I blanched some okra last night to freeze, and after cooling it was very slimy. I know I boiled the right amount of time(3 min small, 4 min large), and then immediatly into an ice bath. The slime looked like something off of a horror movie. Did I do something wrong, or is that normal? I went ahead and froze it, hoping it is alright.


----------



## Belfrybat (Feb 21, 2003)

That is the nature of okra -- it slimes very well. :yuck:

To prevent slime, freeze whole with the caps left on. I leave 1/4" of stem on mine. I also add a bit of vinegar to the water I'm blanching in and that helps a lot.


----------



## Guest (Aug 14, 2011)

I went to some peoples house one time that actually served it like that(whole and slimy). I was thinking "Ya'll ain't from around here, are ya?"


----------



## Kmac15 (May 19, 2007)

MMMM okra will make you do things you never thought possible. Stew with tomatoes or use something to absorb the slime (like a breading) and fry.


----------



## Curtis B (Aug 15, 2008)

So, is it because I cut the caps off? I didn't slice it until after blanching. When I make gumbo this winter it will not make it slimy will it? It's my first time with okra, case you couldn't tell.


----------



## Kmac15 (May 19, 2007)

Okra is slimy...just nature of the beast. It will be great in your gumbo.


----------



## Belfrybat (Feb 21, 2003)

Curtis B said:


> So, is it because I cut the caps off? I didn't slice it until after blanching. When I make gumbo this winter it will not make it slimy will it? It's my first time with okra, case you couldn't tell.

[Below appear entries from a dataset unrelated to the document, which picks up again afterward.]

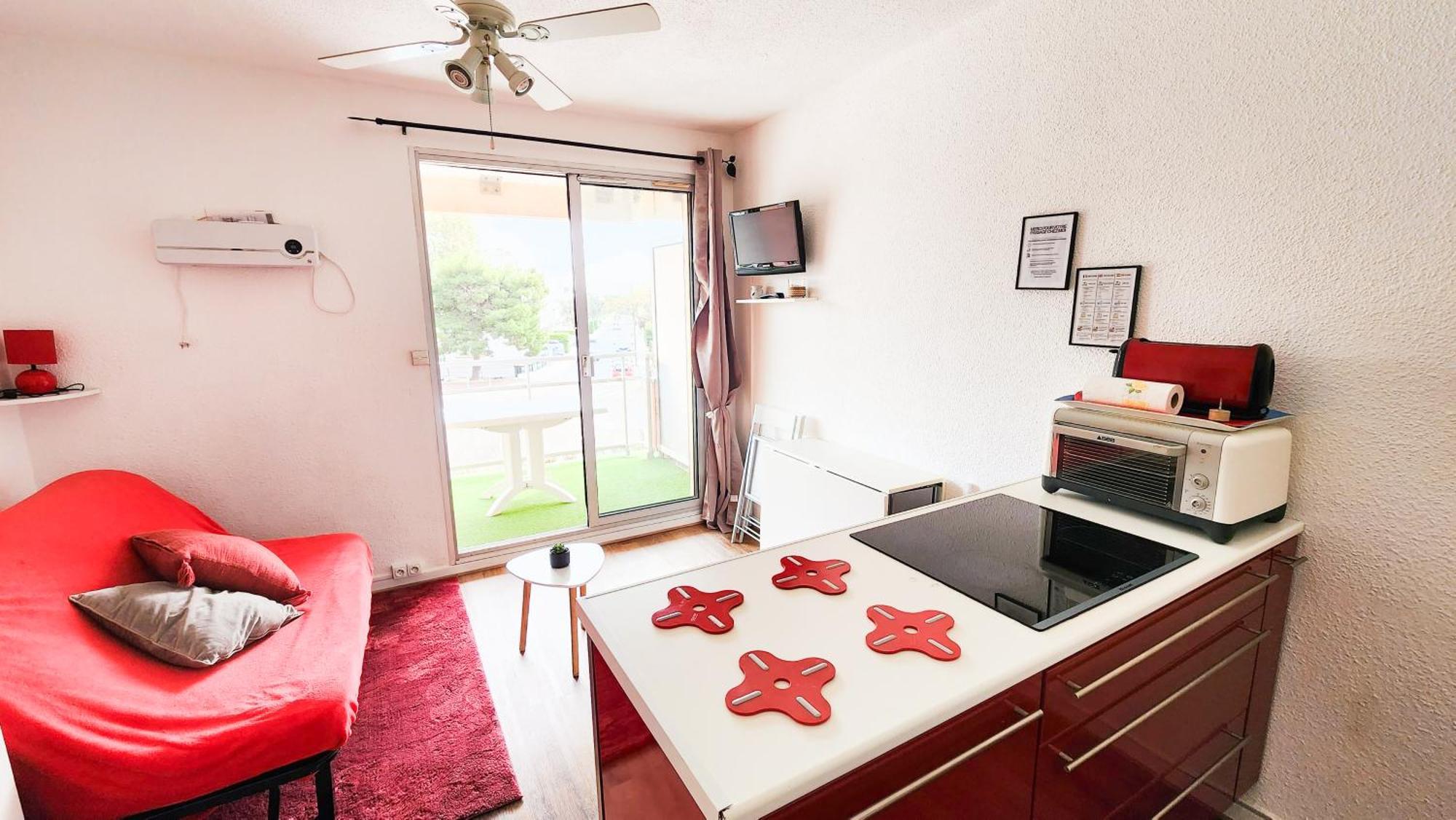 Appartement Cosy Le Phoebus Canet-en-Roussillon Eksteriør billede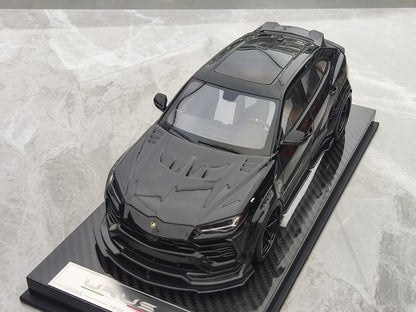 Scale Model UU LamborghiniURUS JS JS-UU009 1:18 Black - immagine 2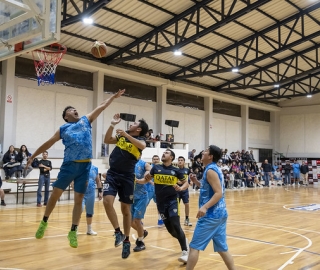 Final de Baloncesto XVI Olimpiadas UTPL
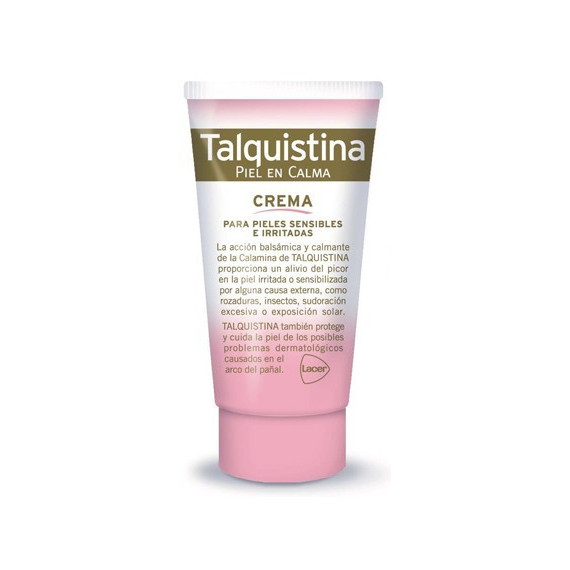 Talquistina Piel Sensible E Irritada 100 Ml  LACER
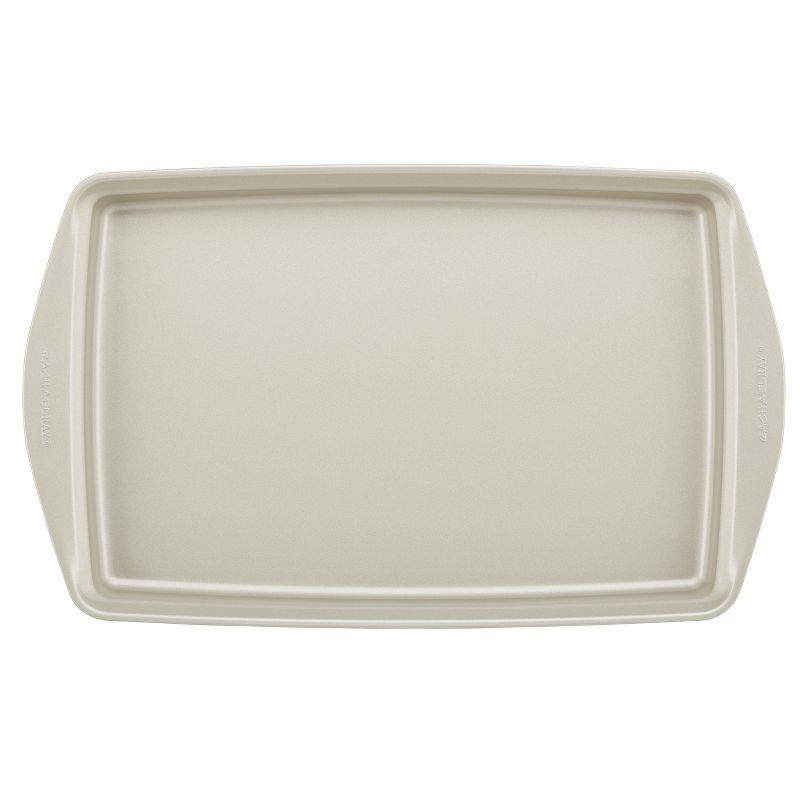 Rachael Ray 10pc Bakeware Set: Nonstick Steel Baking Pans & Sheets, Even-Heating, Dishwasher-Safe, Oven-Safe to 450°F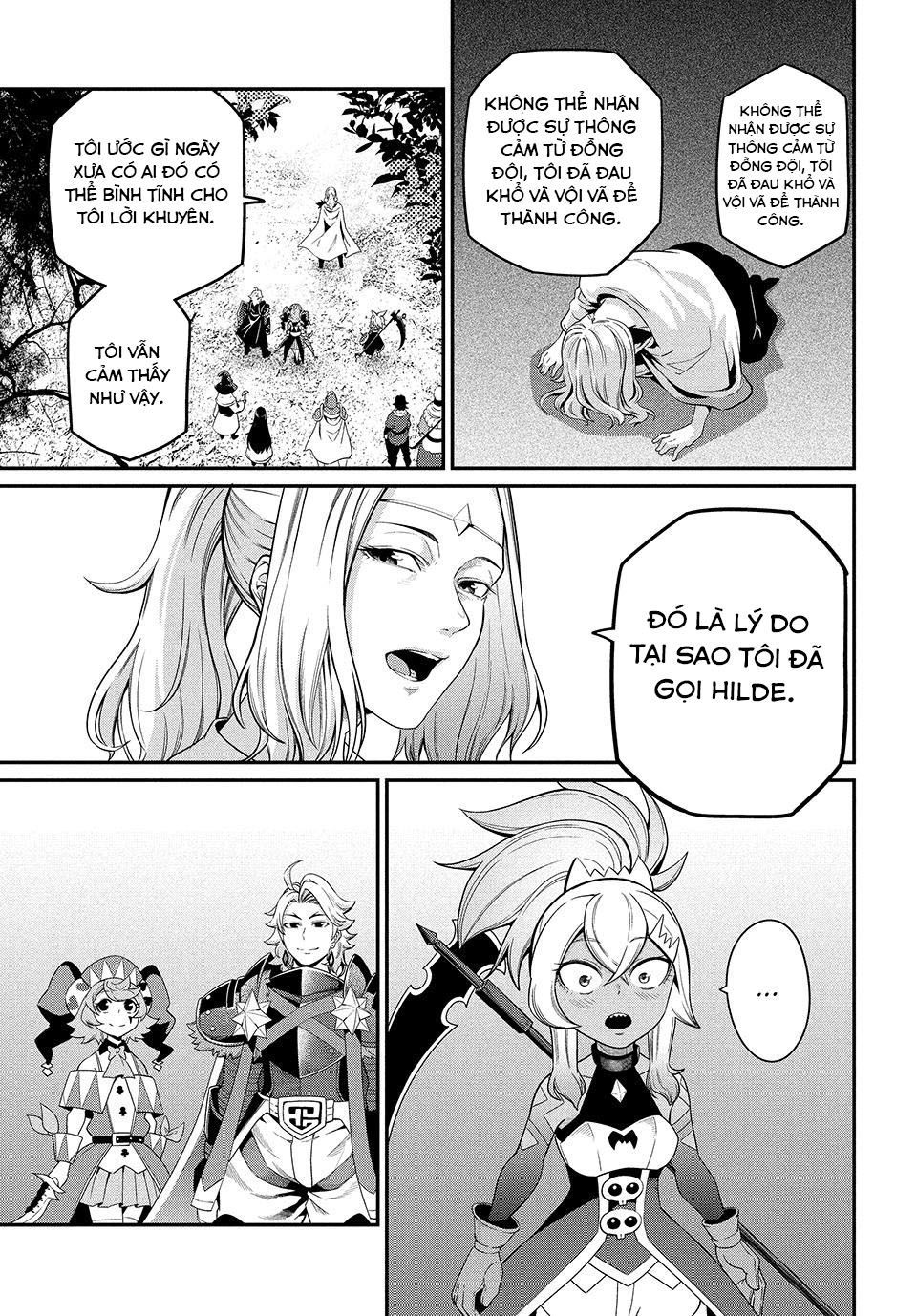 Kỵ Sĩ Chuyển Sinh Bị Lưu Đày, Trở Nên Bất Bại Nhờ Trò Chơi - Chapter 49 - Page 4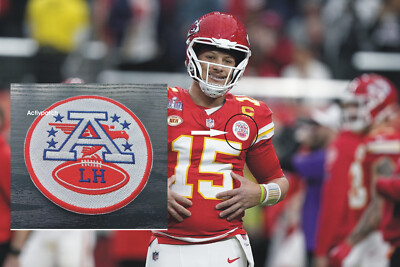 2023 Superbowl Champions Kansas City Chiefs Football NFL Lamar Hunt logo Patch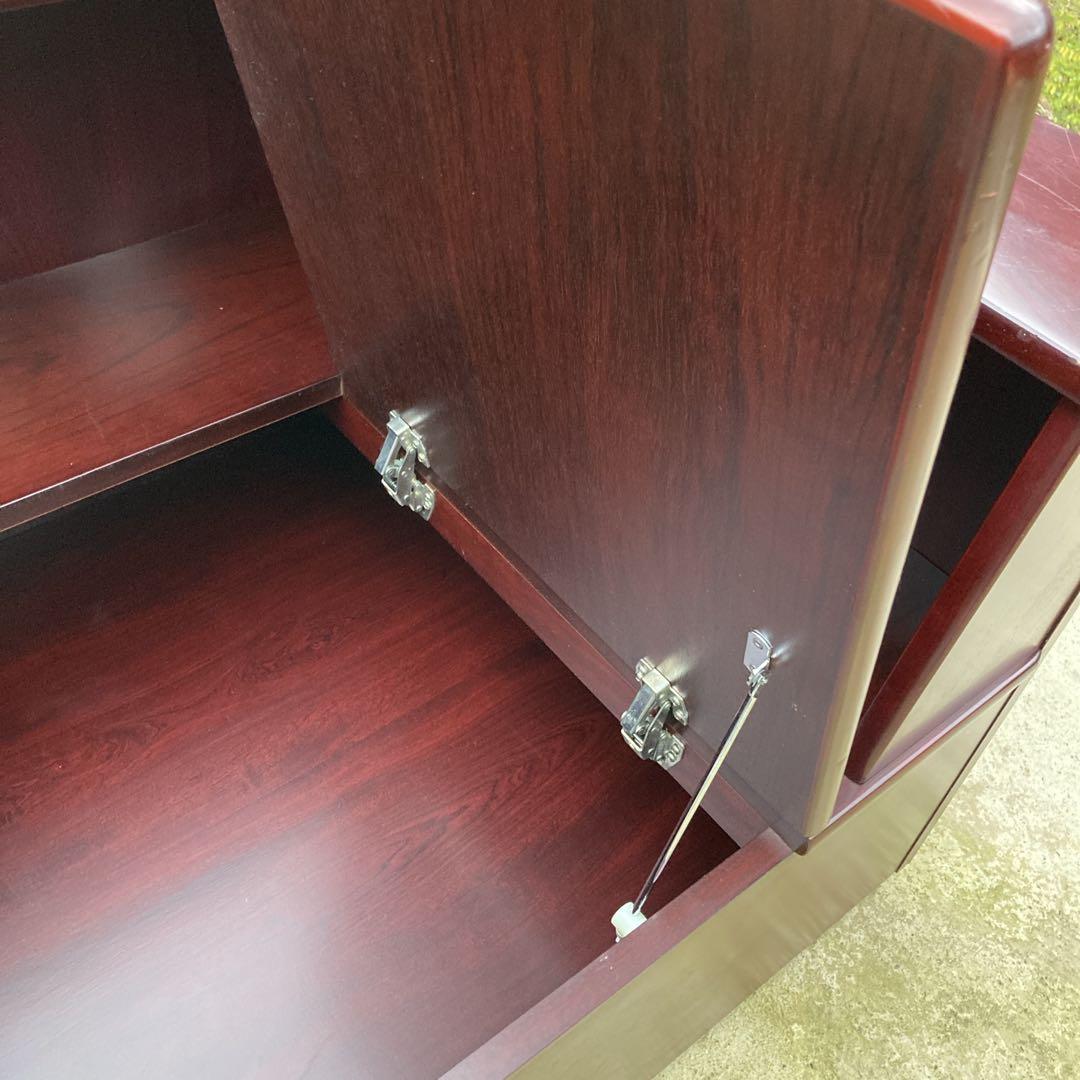 karimoku カリモク　コーナーテーブル　アンティーク　ヴィンテージ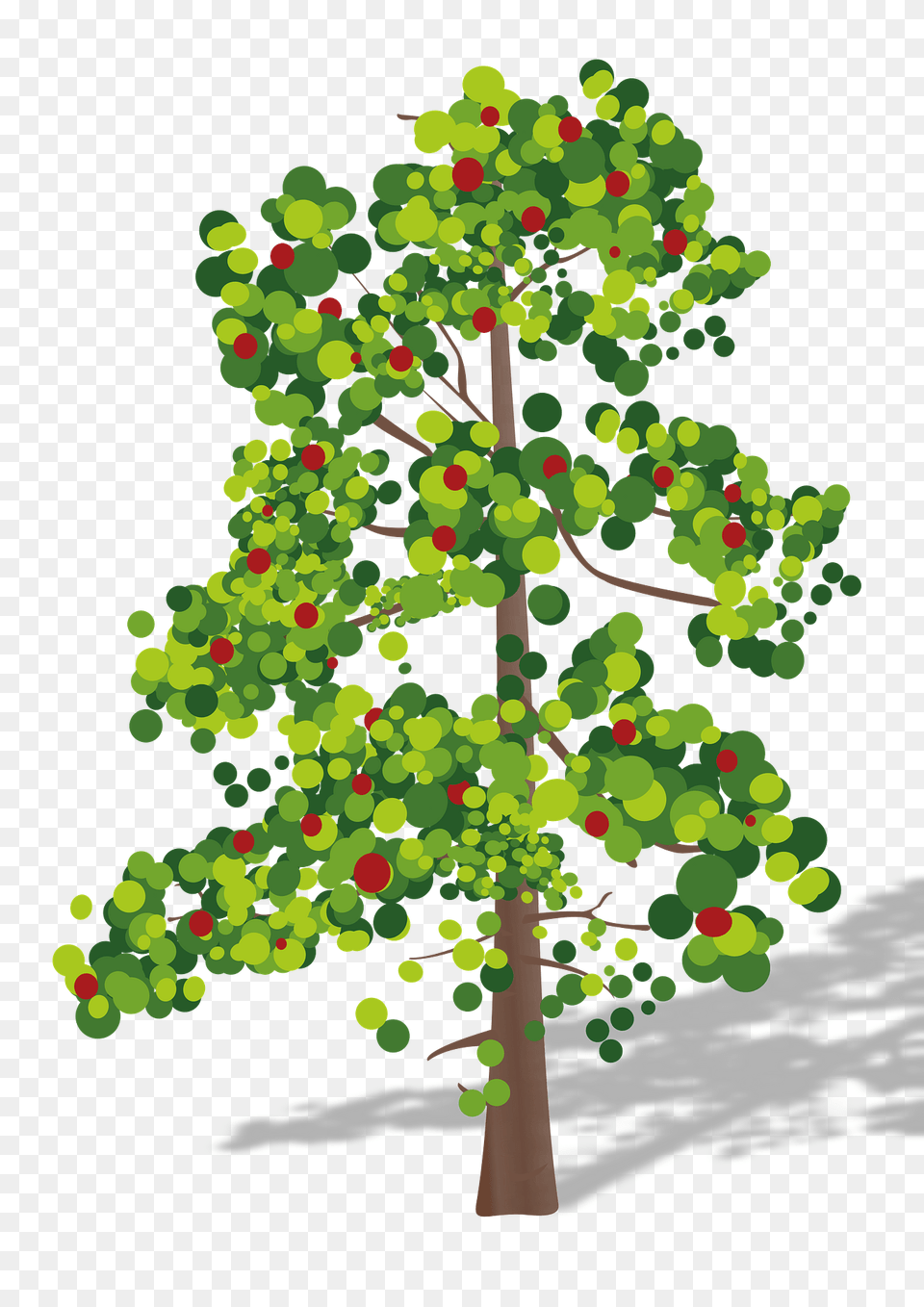 Tree With Flowers Clipart, Oak, Plant, Sycamore, Vegetation Free Png Download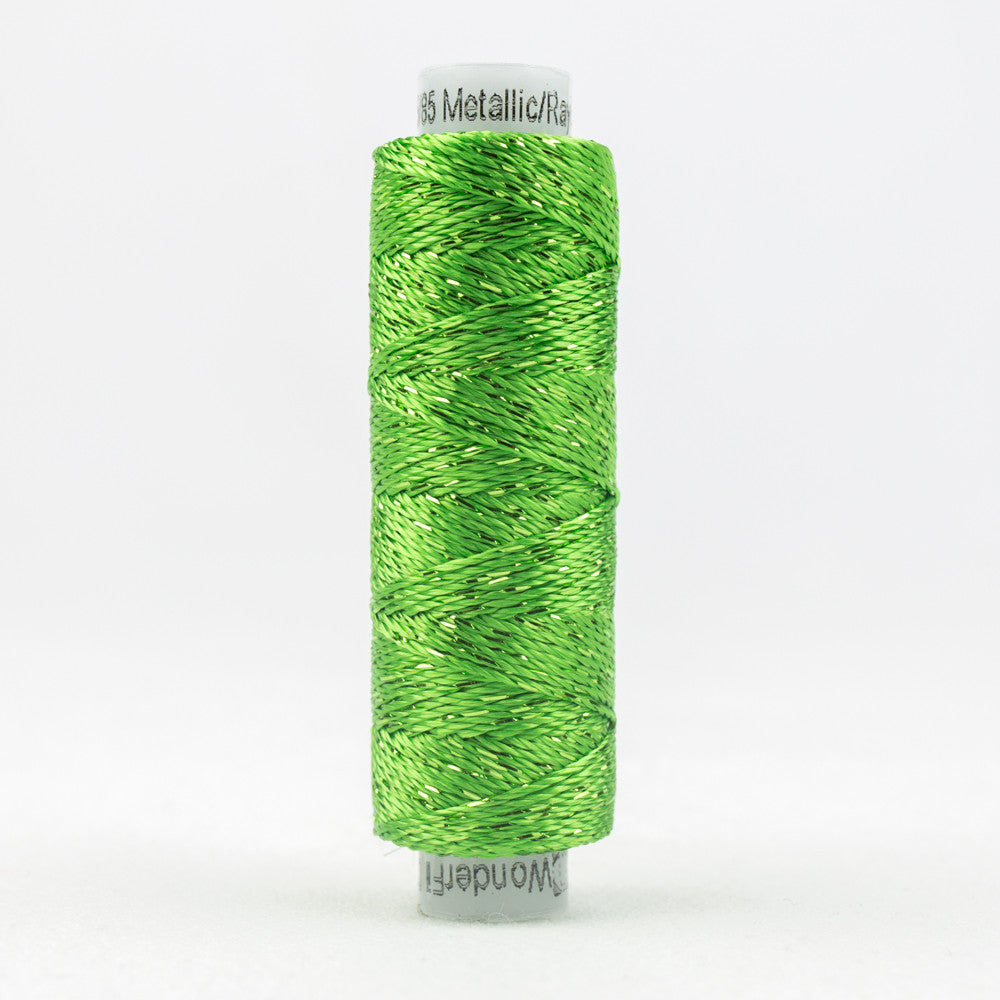 SSDZ4110 - Dazzle‚Ñ¢ 8wt Rayon Metallic Classic Green Thread WonderFil
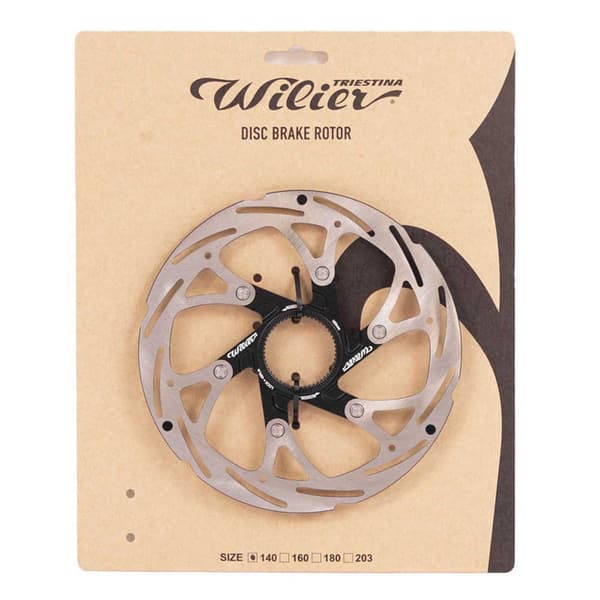 Wilier Lätt Skivbroms Center Lock Guld 140 mm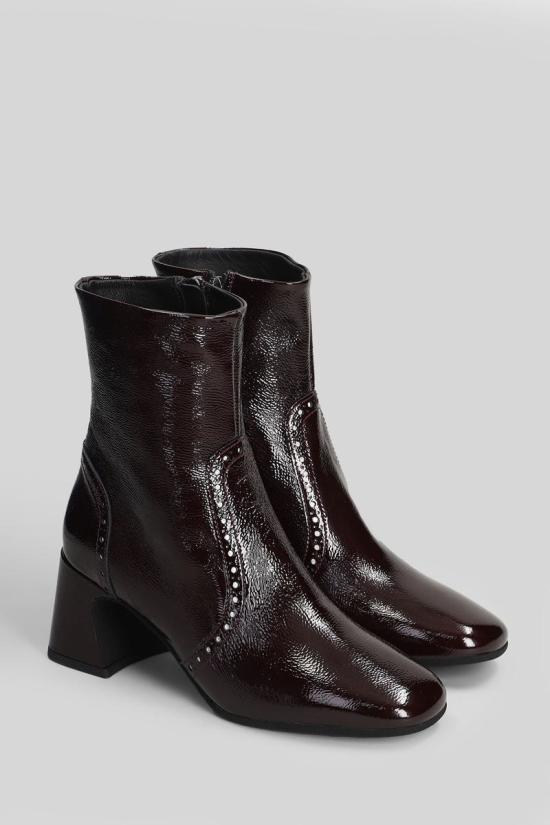 25FW 에바루나 부츠 432038 6211 Red - EVALUNA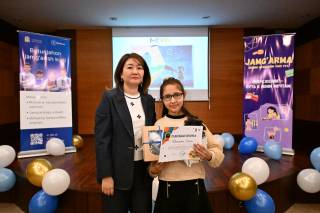 «Жамғарма — менинг орзуларим сари йўл» челленжи: ёшлар орасида тежамкорлик ва орзу сари ишончни тарғиб қилган лойиҳа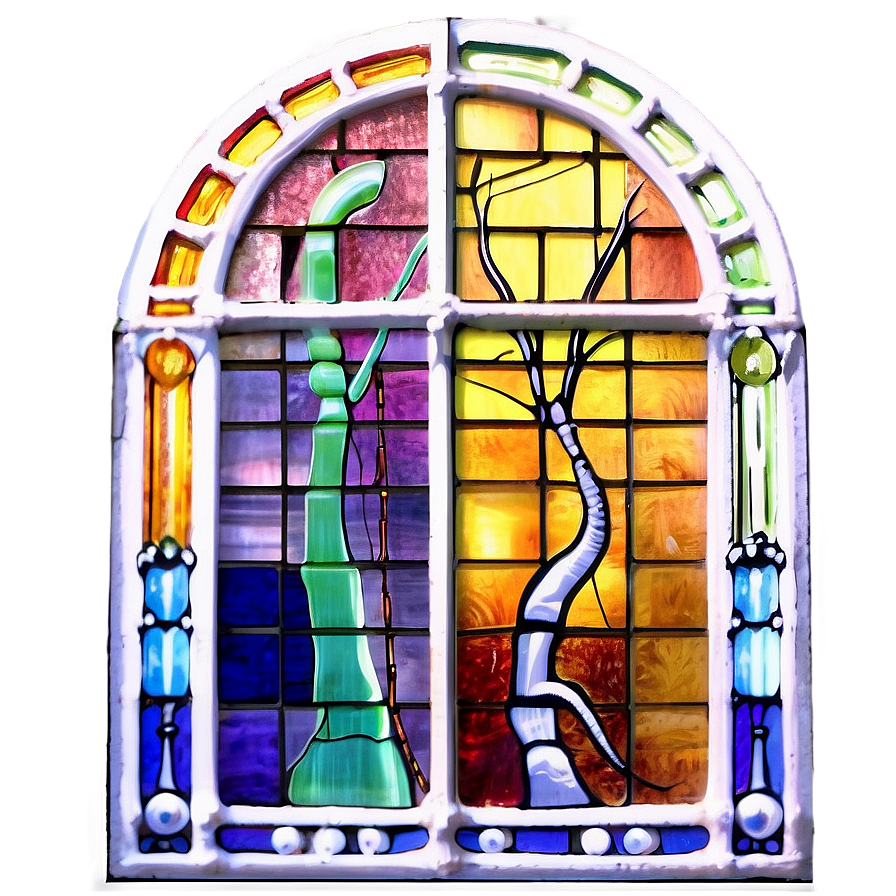 Stained Glass Window Art Png 65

Yes, cutting the caps off releases the slime. I freeze mine whole and when I get ready to use it, I'll either cut off the caps or slice. 
It should do fine in gumbo as the slime will be broken down by the tomatoes. 

Another trick, I haven't tried for okra but use for other veggies is to microwave blanch. Put a small amount of water in a bowl, then the okra, cover and nuke for a few minutes to steam blanch. Chill as usual. It might cut down on the slime.


----------



## motdaugrnds (Jul 3, 2002)

I never blanch okra. Just cut off stems and freeze on wax paper; then bag. (When ready to cook, don't defrost; just cook.)

When cooking, I can add stewed tomatoes to "whole" okra, which cuts the slime; or I can slice okra, season and roll in cornmeal to fry...no slime there either.


----------